Natrajasna it’s a Sanskrit word also known as dancer’s pose on subdivide we can understand the meaning of it Natarajasana or Lord of the Dance Pose is a yoga asana( posture). Sanskrit नटराजासन; Nata- Dance, Raja- King, Asana – Pose; Pronounced As – nut- ah- raj- Oohs- anna
natarajasna is principally related to the Hindu mighty lord Shiva who shows his compassion for the music by dancing aggressively and performing different position
Things to do before natarajasana(dancer’s pose)
NATRAJASNA’s performance position is high. in this, your whole body stretches, so make sure your body is warm before doing this else some cramps will come into the body. secondly, you have to balance the body so have your mess 5 to 6 hours before performing this disguise so that food is digested and your body becomes light. It’s judicious that perform this in the early hours of the morning
correct path of doing natrajasana
- Start with standing in Tadasana.
- Breathe in, and lift your left bottom, like the heel is placed towards the left buttock, and your knees are fraudulent. Your entire body weight must be placed on your right bottom.
- also, push the ball of the right ham bone into the hipsterism joint, and pull the kneecap up so that your standing leg is strong and straight.
- Keep your torso upright. Grasp the left bottom from the outside with the left hand. You must make sure your lower reverse isn’t compressed. So, make sure your pubis is lifted towards your nexus. And as you do that, press your tailbone to the bottom.

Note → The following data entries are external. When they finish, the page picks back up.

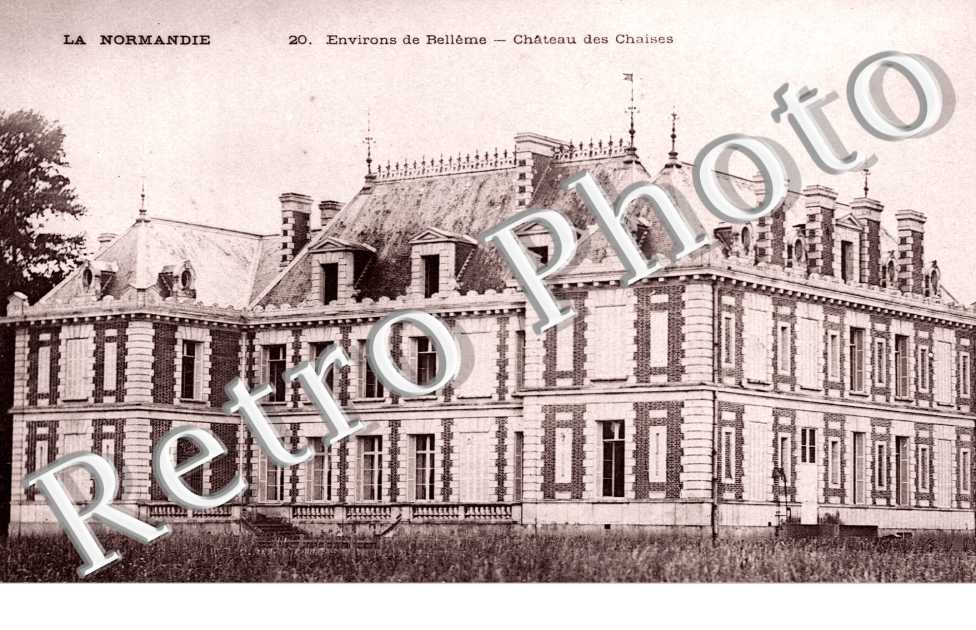 Chateau des Chaises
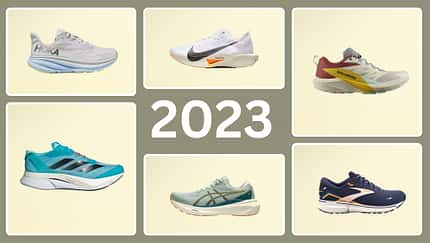 Die beliebtesten Laufschuhe des Jahres 2023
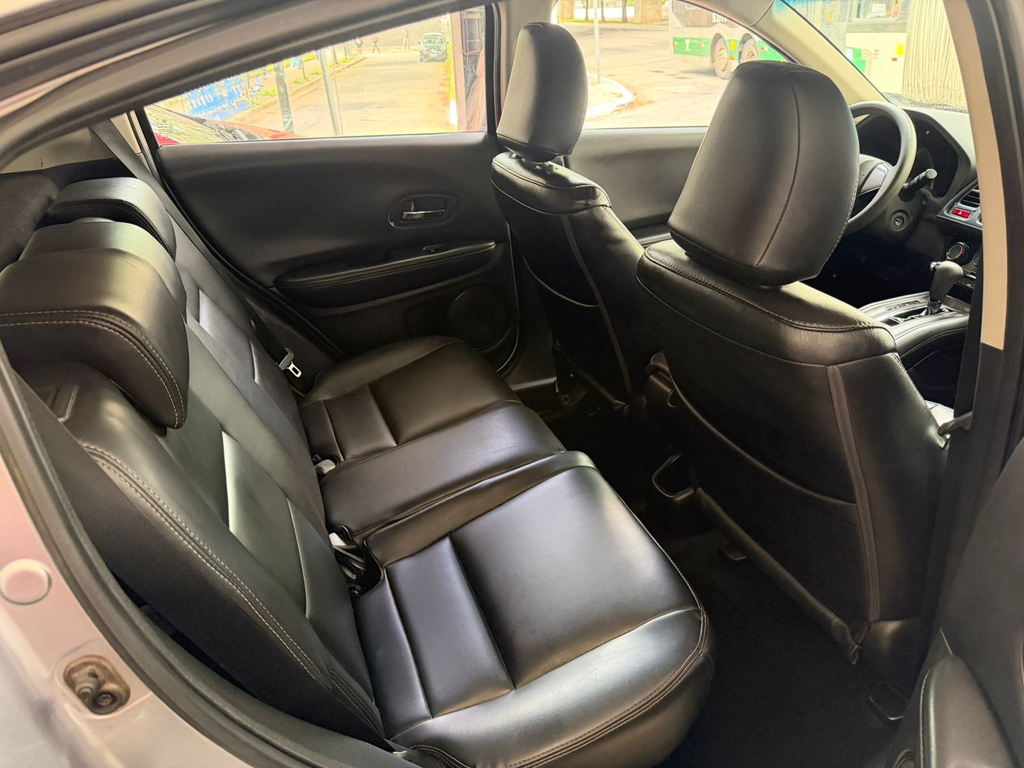 Honda HR-V Prata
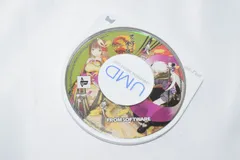 己の信ずる道を征け PSPソフト プレイステーションポータブル ケース無し ソフトのみ PSP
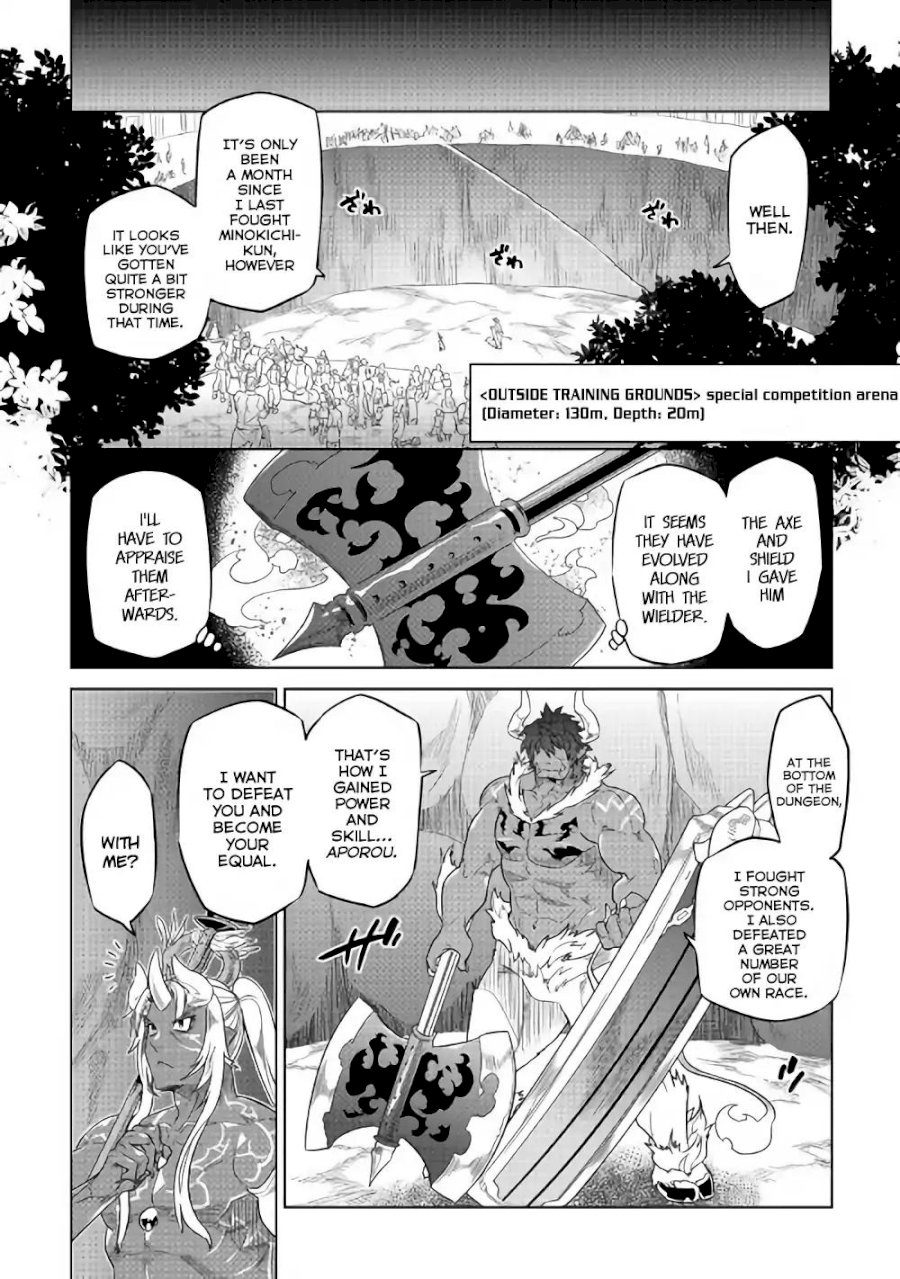 Re:Monster Chapter 52 - Manhwa18.com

- Begin to lift your left bottom up, down from the bottom, and back, down from your torso. Extend the left ham behind you and equal to the bottom. Your right arm must be stretched forward, similar that it’s resemblant to the bottom.
- Hold this disguise for about 15 to 30 seconds or 10 to 15 breathings. Repeat on the other side after letting go.
Who should avoid natarajasana?
- one who’s serving from back pain or has critical injuries
- Heart case avoid this disguise they can conclude simple yoga asanas
Benefits of dancer’s pose
- Help in the whole body stretching. In this, from our ankle to casket all body muscles stretch
- ameliorate focus and stability
- Makes your chine, shoulders, and hamstrings more flexible
- Strengthens the reverse muscles
- Improves posture
- Helps develop balance
Frequently Asked Questions
How can Natarajasana be bettered?
Natarajasana can be delicate for newcomers. still, with nonstop attempts, you’ll really ace it. Make sure to do warm-ups and breathing exercises before trying the Natarajasana pose.
Key Takeaways
- Your lower body will benefit from the Natarajasana yoga pose’s nice stretch. Additionally, it tones your leg, hip, and chest muscles.
- Regular practise of this asana might help one focus more clearly and feel less stressed.
- This pose is a fantastic method to enhance digestion.
- Yoga’s Natarajasana should not be practised if you have low blood pressure.